Note: I have simplified this for the use in this post.

So basically I have to use the Name field in the <ADI> tag to confirm that I am in the correct area of the DOM to make the change to the Value attribute in the <App_Data> tag that who's Name is ChangeMe.

This is the snippet of code that I have come up with... and failed miserably.

#!/usr/bin/perl

use strict;
use XML::LibXML;

my $xml2 = XML::LibXML->new();
my $data = $xml2->parse_file("adi.xml");
my $movie;
my $photo;
my $poster;

foreach my $test ($data->findnodes('//Metadata')) {
    if ($test->findvalues('./ADI/@Name[.="movie"]')){
        $movie = 1;
        undef $photo;
        undef $poster;
    }
    elsif ($test->findvalues('./ADI/@Name[.="photo"]')){
        undef $movie;
        $photo = 1;
        undef $poster;
    }
    elsif ($test->findvalues('./ADI/@Name[.="poster"]')){
        undef $movie;
        undef $photo;
        $poster = 1;
    }
}

I don't have anything beyond this, because it doesn't work. I get an error something along the lines of

Can't locate object method "findvalues" via package "XML::LibXML::Element"

As a bonus to this question, what if I wanted to completely remove the <Metadata> (and all children) for the ones that contained photo and/or poster?


Solution

  • Give this a try for starters.

    #!/usr/bin/perl
    
    use strict;
    use XML::LibXML;
    
    my $xml2 = XML::LibXML->new();
    my $data = $xml2->parse_file("adi.xml");
    
    foreach my $test ($data->findnodes('//Metadata')) {
        if ($test->findnodes('./ADI/@Name[.="movie"]')){
            print "movie\n";
        }
        elsif ($test->findnodes('./ADI/@Name[.="photo"]')){
            print "photo\n";
        }
        elsif ($test->findnodes('./ADI/@Name[.="poster"]')){
            print "poster\n";
        }
    }
    

    There is no findvalues method. What you want to do is use findnodes, which will return to you a list of nodes matching the XPath expression. Once you have that, you can iterate over the list and extract any of the data you need, much like you're already doing for Metadata.

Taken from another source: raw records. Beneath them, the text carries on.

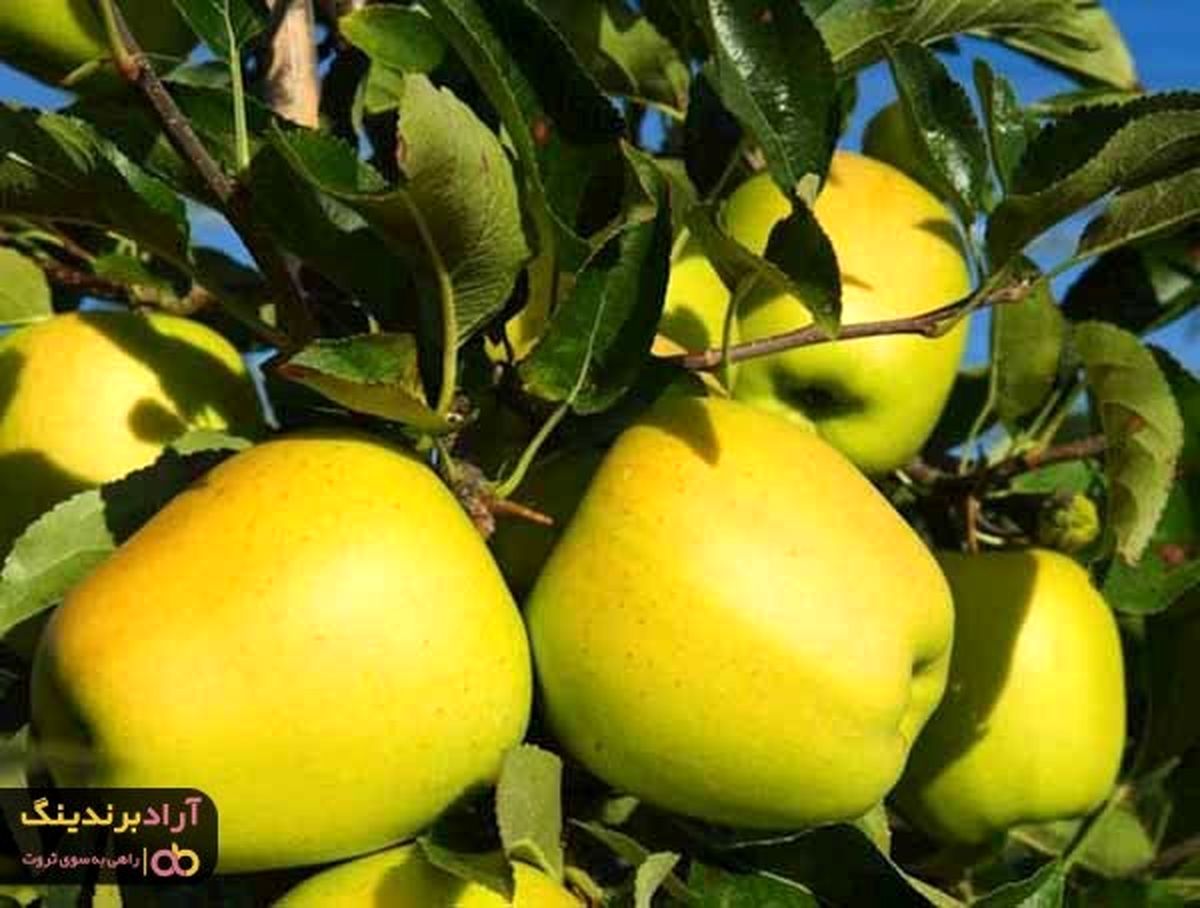 سیب زرد فرانسه مفید برای کاهش وزن و تناسب اندام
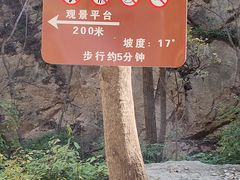 -大岭沟猕猴桃谷风景区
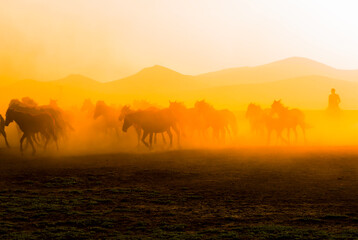Fototapeta na wymiar Spectacular view of wild horses at sunset. Everywhere dust cloud. Kayseri. Turkey.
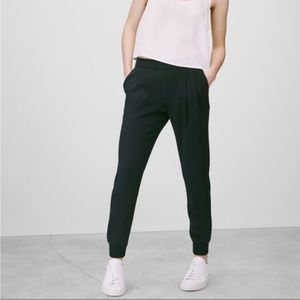 Babaton black trousers. Purchased at Aritzia. Jogger style pleated trousers.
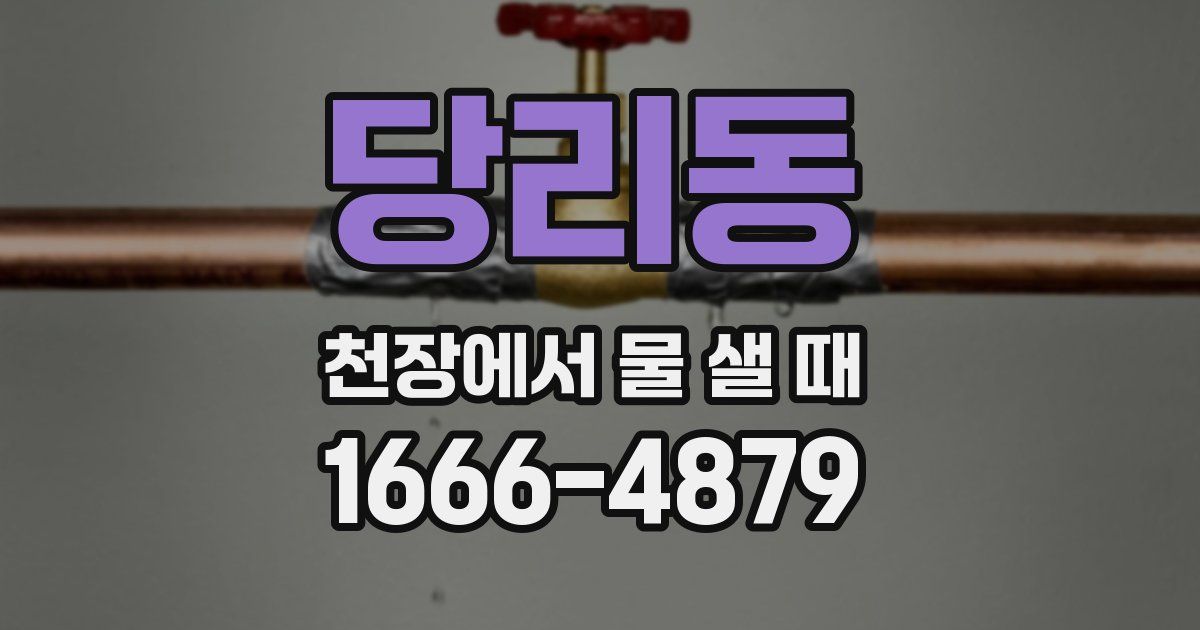 당리동 천장에서 물 샐 때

    Also, I'm assuming your XML file has a single root-level element. I used the modified version below to test the above code.

    <root>
       <Metadata>
            <ADI Name="movie" />
            <App_Data Name="Something I don't care about" value="who cares" />
            <App_Data Name="Something I don't care about as well" value="who cares" />
            <App_Data Name="ChangeMe" Value="" />
        </Metadata>
        <Metadata>
            <ADI Name="photo" />
            <App_Data Name="Something I don't care about" value="who cares" />
            <App_Data Name="Something I don't care about as well" value="who cares" />
            <App_Data Name="ChangeMe" Value="" />
        </Metadata>
        <Metadata>
            <ADI Name="poster" />
            <App_Data Name="Something I don't care about" value="who cares" />
            <App_Data Name="Something I don't care about as well" value="who cares" />
            <App_Data Name="ChangeMe" Value="" />
        </Metadata>
    </root>
    

    I find this cheatsheet useful for Perl's LibXML library.